[linux-audio-dev] jack.el -- Run and monitor JACK from within Emacs

From: Mario Lang <mlang@email-addr-hidden>
Date: Tue Apr 26 2005 - 15:11:11 EEST

Hi.

I am sure this sounds a bit crazy to some of you, but be ensured,
I am not (yet) completely out of my mind and there are actually
real reasons for doing what I do :-).

I am now running jackd from within Emacs, using jack.el.

Find it here: http://delysid.org/emacs/jack.el

Basic usage:

* Install the elisp file and put (require 'jack) in your .emacs.
* Customize startup options: M-x customize-group RET jack RET
  * I.e. jack-sample-rate and jack-period-size are two important candidates.
* Start jack: M-x jack-start

You will see the verbose output in a special buffer called *JACK output*.

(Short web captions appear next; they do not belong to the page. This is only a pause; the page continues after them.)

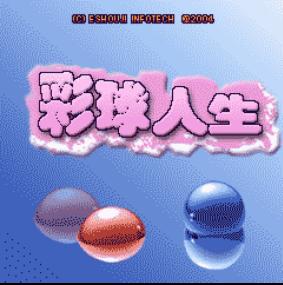 应用截图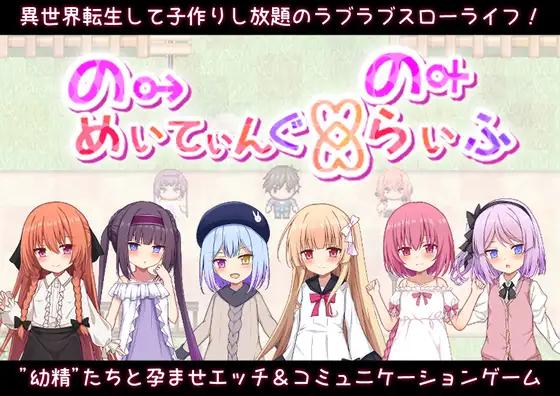 Tsukuyomi Soft - No Mating, No Life Ver.1.15 Final (eng)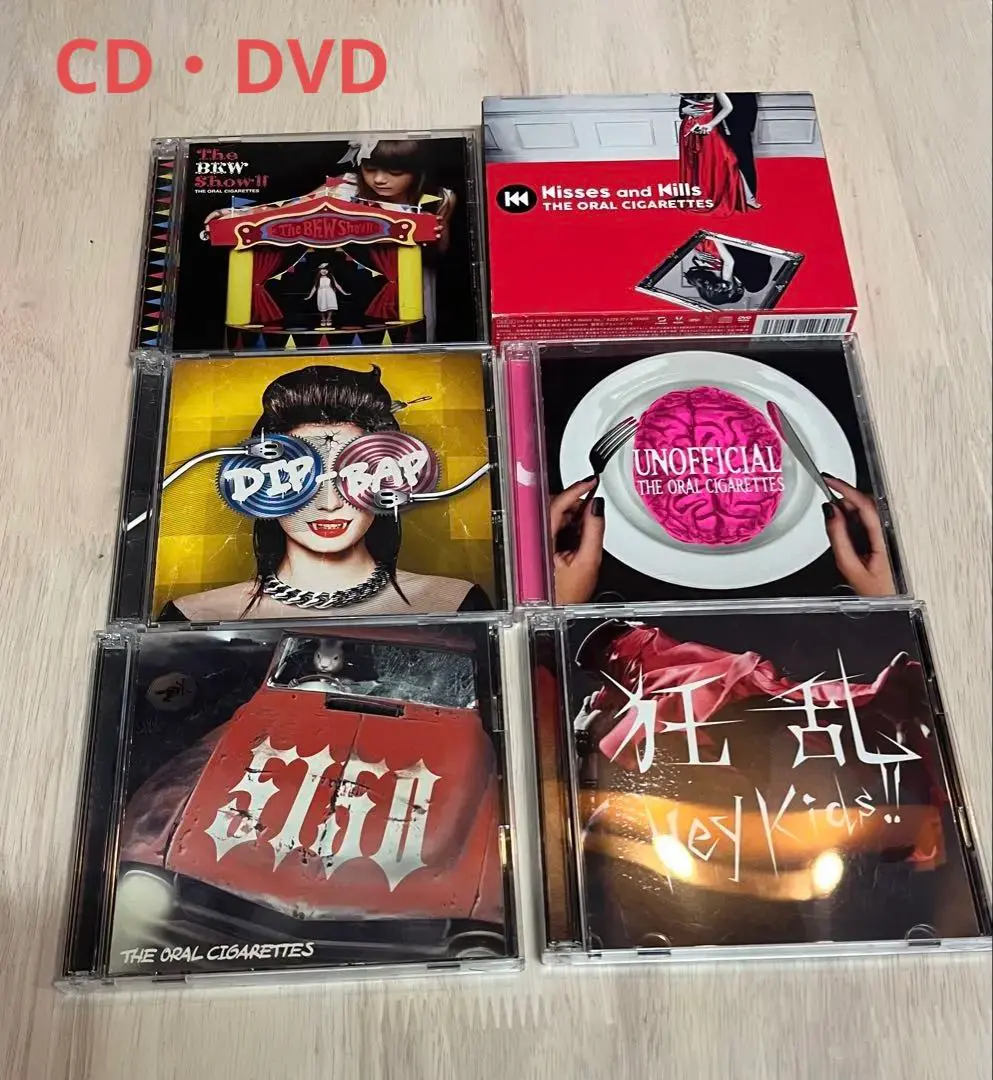 2026年最新】the oral cigarettes 廃盤の人気アイテム - メルカリ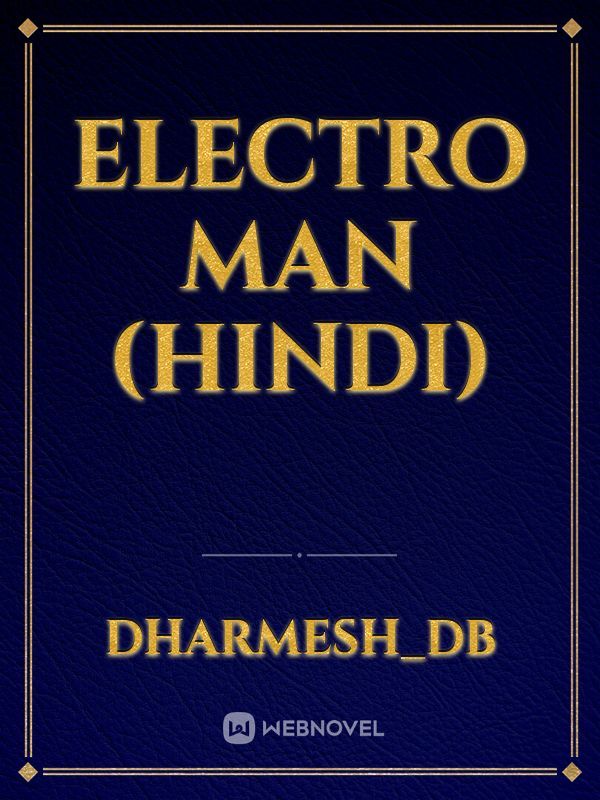 electro man (Hindi) Book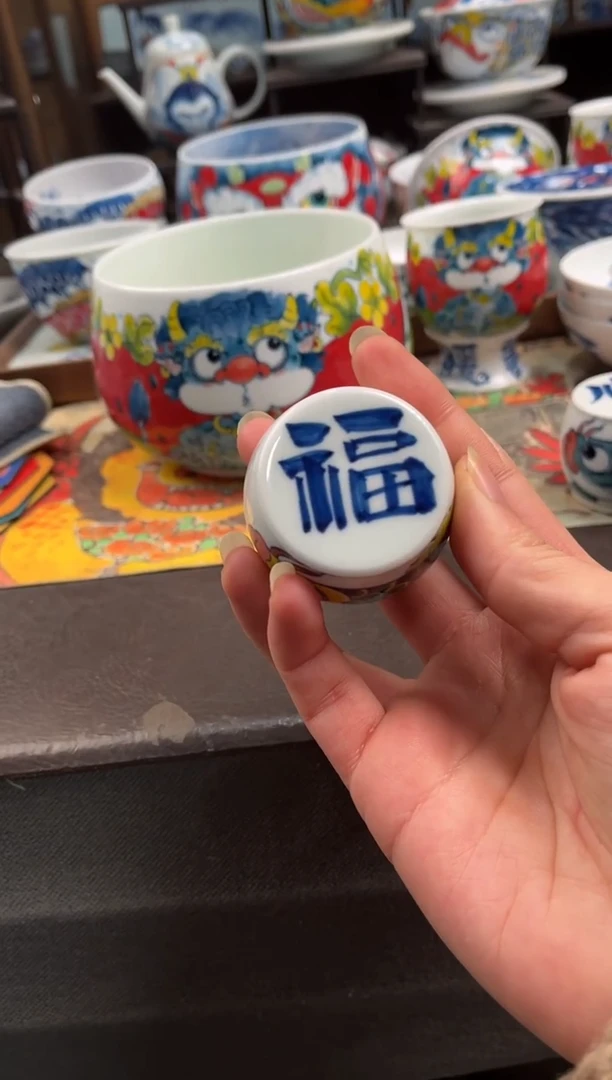 m****5拙明院（宠粉价格）福子盖置
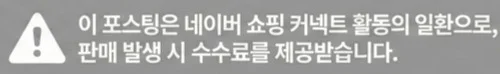 공정위 문구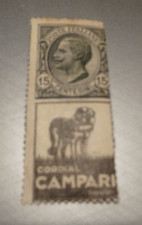 Regno 1924-25 Francobolli Pubblicitari Cordial Campari 15c MH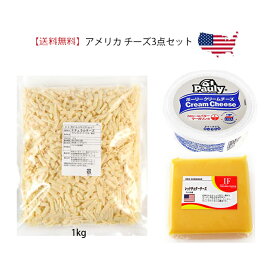 ＼エントリーでポイント10倍／【送料無料】アメリカ チーズ3点セット モントレージャック シュレッド 1kg◆ポーリークリームチーズ226g◆レッドチェダー100gカット詰め合わせ セット販売 冷蔵便
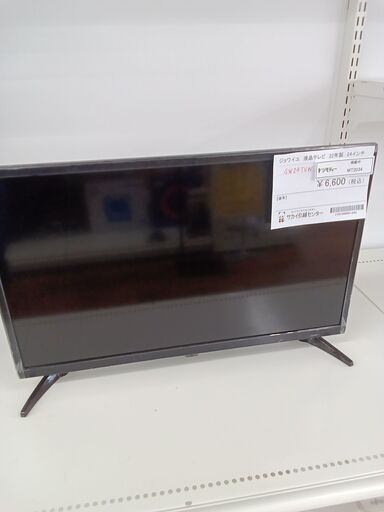 ★ジモティ割あり★ ジョワイユ ２４型液晶テレビ  ２２年製 動作確認／クリーニング済み MT2034
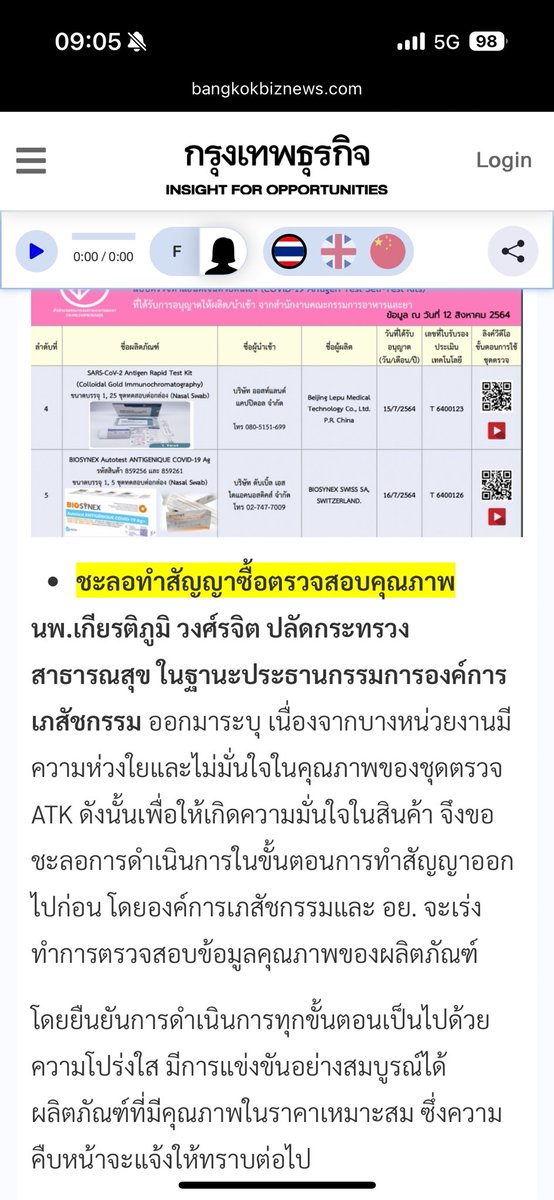 กูเป็นกระรอก tweet media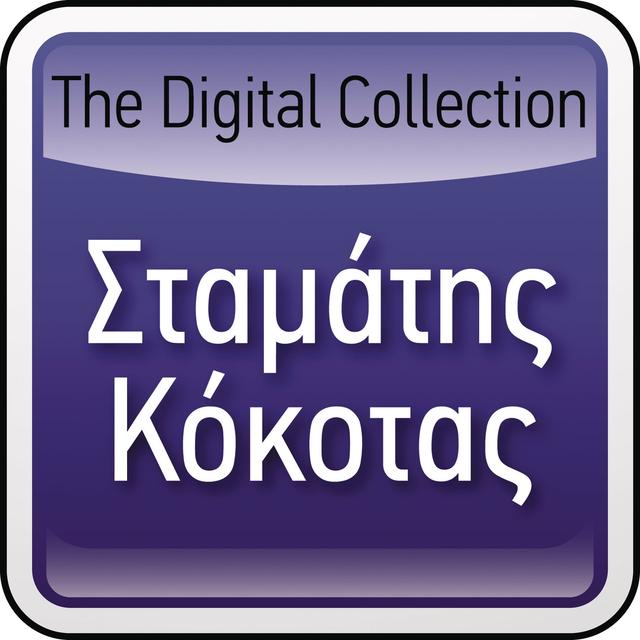 Album cover art for The Digital Collection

* If you want/need to get rid of your jack instance, simply do
  M-x jack-kill RET

* If you changed sample rate or any other startup parameter, do
  M-x jack-restart RET
  to make them effective.

Plans:
* Do something useful with xrun output, maybe some stats (suggestions?).
* Add support for dummy and oss drivers, and add remaining ALSA
  params.
* Write a patchbay based on jack_lsp and jack_{dis,}connect.

Why am I doing this?

You might have noticed I am recently seriously working on
Emacs extensions related to Sound and audio. osc.el is working
nicely and om.el, a client to drobillas om-synth is just waiting
for a polish up. midi.el is parsing binary data already and
needs a bit more careful planning before it can really grow.
The idea behind jack.el was that I basically got fed up by jack
wasting either a virtual console, or a screen window. Both dont really
offer confortable scrollback, so the idea to make jack run from
within Emacs, and collect all its output into a Emacs buffer was born.
Some nice sideeffects: Load statistic is collected in a variable,
so if you are into elisp, you can do fancy stuff like:

(with-current-buffer (jack-output-buffer) jack-load)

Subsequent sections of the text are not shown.